Scan the records for the word "Long". Report each line where it occurs.

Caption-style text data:

━━━━━━

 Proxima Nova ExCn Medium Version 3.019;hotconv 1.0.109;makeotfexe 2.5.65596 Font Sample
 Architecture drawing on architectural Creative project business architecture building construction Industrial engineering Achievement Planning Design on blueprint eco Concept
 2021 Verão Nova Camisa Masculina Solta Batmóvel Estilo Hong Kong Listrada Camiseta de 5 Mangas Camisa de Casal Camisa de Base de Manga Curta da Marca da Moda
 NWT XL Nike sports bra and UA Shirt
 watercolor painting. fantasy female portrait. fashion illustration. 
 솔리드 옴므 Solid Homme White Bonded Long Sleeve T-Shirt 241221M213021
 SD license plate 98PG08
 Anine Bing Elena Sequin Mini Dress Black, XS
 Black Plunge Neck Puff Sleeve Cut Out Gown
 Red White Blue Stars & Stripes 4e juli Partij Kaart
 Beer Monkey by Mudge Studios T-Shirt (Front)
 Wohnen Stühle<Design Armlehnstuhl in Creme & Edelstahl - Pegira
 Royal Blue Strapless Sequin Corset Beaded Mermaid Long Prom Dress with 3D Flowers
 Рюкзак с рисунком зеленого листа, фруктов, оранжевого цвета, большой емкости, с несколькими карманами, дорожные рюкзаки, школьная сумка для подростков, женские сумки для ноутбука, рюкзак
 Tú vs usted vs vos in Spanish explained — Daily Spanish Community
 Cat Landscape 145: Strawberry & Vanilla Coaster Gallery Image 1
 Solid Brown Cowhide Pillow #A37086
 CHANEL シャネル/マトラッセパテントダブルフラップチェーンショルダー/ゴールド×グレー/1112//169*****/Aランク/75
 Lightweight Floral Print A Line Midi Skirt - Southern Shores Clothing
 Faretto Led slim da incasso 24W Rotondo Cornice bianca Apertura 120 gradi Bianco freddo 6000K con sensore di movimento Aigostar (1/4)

━━━━━━

◆ **RESULT OF THIS EXERCISE**
 솔리드 옴므 Solid Homme White Bonded Long Sleeve T-Shirt 241221M213021
 Royal Blue Strapless Sequin Corset Beaded Mermaid Long Prom Dress with 3D Flowers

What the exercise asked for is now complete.